Dr. Nielsen admitted that she isn’t one who enjoys working on her individual goals as part of a group, but being part of a group and working together toward common goals was very motivating.

“One night just for fun, [our group’s life coach] brought in a bunch of foods and put them on the table, and we had to guess” how many calories and grams of fat were in them, Dr. Nielsen said. “And, boy, were we off. And I wasn’t better than anyone else.”

Dr. Nielsen explained that the program included such practical activities as counting fat grams and recording everything they ate. There were weekly weigh-ins, and the Y provided access to its facilities and a session with a fitness trainer.

Out of the 35 people in her group, every single one of them met their 7 percent weight loss goal.

Dr. Nielsen encourages all physicians to refer their patients with prediabetes to a diabetes prevention program.

“In our curriculum, how do we teach nutrition?” Dr. Nielsen said. “When I took it, it was biochemistry … [and offered] very little practical advice. As a busy internist, I didn’t have time to sit and talk about nutrition with people. And frankly from a practical standpoint, I wouldn’t have known what to tell people.”

Referring patients to a diabetes prevention program gives patients access to the information and support that they need to make important lifestyle changes without placing the resource burden entirely on busy physician practices.

In partnership with the CDC, the AMA offers the Prevent Diabetes STAT: Screen, Test, Act–Today™ toolkit, which makes it simple for physicians and their care teams to screen, test and refer patients to diabetes prevention programs.

Participation in the programs is covered by some insurers, which soon will include Medicare.

“[The program] was only $320, which is only $20 per night,” Dr. Nielsen said. “But for many patients, that would be a barrier. We as physicians need to advocate for insurers to cover it. I really think that’s part of our role.”

For educators who are training the next generation of physicians, Dr.

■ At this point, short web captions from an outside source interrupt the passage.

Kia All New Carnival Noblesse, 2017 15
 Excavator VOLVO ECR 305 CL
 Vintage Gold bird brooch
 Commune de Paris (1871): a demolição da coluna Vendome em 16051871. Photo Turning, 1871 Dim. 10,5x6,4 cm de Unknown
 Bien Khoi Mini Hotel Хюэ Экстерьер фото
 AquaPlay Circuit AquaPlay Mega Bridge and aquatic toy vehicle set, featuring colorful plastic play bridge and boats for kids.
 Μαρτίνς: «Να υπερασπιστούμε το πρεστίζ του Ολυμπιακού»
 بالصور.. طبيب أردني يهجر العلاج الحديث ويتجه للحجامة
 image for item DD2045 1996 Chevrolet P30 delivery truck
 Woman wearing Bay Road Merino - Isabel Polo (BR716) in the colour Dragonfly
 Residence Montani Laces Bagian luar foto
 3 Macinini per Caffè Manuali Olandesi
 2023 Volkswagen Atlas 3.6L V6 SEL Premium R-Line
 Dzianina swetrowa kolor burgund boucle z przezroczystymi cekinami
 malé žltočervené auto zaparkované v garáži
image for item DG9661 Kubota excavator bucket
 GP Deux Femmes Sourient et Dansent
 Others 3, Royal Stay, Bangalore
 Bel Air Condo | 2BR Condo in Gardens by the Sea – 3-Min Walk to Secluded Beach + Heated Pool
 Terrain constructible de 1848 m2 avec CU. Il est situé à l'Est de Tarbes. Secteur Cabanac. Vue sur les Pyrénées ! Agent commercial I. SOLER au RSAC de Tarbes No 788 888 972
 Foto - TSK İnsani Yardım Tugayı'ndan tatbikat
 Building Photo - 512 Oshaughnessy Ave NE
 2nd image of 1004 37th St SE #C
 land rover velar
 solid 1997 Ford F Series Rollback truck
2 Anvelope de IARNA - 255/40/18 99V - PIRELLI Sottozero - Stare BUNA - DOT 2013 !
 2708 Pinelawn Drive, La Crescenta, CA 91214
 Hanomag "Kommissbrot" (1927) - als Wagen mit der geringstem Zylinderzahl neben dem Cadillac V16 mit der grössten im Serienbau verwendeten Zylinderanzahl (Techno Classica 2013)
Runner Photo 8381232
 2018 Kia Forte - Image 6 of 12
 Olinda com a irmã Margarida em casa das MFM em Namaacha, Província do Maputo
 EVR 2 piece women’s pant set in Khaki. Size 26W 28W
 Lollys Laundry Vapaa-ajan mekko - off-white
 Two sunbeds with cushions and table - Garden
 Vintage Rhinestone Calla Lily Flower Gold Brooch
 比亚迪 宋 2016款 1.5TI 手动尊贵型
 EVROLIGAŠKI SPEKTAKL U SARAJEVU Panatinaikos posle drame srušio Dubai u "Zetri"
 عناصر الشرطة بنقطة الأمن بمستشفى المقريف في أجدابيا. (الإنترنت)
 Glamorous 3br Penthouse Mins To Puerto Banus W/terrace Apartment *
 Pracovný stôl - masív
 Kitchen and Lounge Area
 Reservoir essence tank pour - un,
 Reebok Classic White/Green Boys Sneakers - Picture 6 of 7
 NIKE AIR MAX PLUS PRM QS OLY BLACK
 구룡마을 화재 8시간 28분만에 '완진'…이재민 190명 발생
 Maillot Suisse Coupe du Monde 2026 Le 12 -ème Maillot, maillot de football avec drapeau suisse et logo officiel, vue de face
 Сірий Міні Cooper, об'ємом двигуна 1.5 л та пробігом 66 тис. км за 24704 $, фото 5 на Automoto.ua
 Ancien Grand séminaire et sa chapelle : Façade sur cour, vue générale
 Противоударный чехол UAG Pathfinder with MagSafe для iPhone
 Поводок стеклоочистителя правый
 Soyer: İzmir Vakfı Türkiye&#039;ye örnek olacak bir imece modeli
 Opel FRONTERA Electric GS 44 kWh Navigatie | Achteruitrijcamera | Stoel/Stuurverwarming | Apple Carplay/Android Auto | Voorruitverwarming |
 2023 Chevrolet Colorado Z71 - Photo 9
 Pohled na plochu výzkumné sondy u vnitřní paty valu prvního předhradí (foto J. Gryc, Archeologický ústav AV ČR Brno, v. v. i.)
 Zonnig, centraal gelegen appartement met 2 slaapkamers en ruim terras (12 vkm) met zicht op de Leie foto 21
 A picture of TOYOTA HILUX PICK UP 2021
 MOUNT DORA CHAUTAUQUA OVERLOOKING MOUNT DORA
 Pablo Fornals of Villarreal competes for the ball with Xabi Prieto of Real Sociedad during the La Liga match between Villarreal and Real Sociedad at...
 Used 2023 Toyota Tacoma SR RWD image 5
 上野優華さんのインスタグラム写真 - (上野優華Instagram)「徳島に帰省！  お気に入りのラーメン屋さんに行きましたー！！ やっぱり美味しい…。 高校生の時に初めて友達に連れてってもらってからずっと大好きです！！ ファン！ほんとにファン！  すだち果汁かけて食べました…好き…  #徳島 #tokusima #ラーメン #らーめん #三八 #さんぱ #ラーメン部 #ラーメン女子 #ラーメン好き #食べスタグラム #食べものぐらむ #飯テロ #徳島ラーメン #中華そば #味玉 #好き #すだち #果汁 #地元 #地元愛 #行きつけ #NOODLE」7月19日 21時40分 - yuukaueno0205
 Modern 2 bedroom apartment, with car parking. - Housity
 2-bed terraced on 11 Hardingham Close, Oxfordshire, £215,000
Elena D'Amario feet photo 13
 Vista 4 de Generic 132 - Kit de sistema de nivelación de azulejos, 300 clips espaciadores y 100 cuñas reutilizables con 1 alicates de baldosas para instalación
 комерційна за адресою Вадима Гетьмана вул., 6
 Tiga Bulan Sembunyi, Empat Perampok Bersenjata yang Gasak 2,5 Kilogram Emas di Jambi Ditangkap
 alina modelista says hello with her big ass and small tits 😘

Nielsen said this program offers important lessons in chronic disease care and prevention. “Students need to understand that they don’t have to know everything,” she said. “What they do need to do is partner with the resources in their community like the AMA and the CDC have done with the Y. This has been around for a while, is evidence-based, and the results are stunning.”

Dr. Nielsen left physicians with an important thought: “I think it’s time that we learn from other disciplines outside of medicine to help our patients become as healthy as they possibly can. This may allow me and others to outlive our family history.”